- _Exercise aim_
Somewhere in the records below is a line containing "A calm river". Copy that line and everything after it through the end, unchanged.

- _Extracted entries_
>>
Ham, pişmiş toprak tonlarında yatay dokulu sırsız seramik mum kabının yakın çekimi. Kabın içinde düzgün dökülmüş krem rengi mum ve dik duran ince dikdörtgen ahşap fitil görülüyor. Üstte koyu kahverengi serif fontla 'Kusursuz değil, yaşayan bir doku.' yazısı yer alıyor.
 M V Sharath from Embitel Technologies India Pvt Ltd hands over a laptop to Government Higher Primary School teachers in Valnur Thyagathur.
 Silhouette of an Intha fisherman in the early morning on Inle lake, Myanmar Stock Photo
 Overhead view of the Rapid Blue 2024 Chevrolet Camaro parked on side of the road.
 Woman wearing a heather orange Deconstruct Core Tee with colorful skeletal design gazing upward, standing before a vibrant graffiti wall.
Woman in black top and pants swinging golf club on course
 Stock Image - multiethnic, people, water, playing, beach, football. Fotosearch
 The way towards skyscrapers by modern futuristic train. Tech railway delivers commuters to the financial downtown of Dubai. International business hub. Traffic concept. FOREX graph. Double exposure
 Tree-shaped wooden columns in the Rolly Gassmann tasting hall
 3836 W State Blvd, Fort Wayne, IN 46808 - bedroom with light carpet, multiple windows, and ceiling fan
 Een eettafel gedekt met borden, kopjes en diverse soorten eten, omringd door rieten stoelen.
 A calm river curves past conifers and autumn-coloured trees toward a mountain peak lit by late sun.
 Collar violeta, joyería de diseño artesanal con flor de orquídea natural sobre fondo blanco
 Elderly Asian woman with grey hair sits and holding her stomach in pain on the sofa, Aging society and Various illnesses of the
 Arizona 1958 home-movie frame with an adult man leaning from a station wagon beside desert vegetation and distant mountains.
<<
- _Output of the exercise_
 A calm river curves past conifers and autumn-coloured trees toward a mountain peak lit by late sun.
 Collar violeta, joyería de diseño artesanal con flor de orquídea natural sobre fondo blanco
 Elderly Asian woman with grey hair sits and holding her stomach in pain on the sofa, Aging society and Various illnesses of the
 Arizona 1958 home-movie frame with an adult man leaning from a station wagon beside desert vegetation and distant mountains.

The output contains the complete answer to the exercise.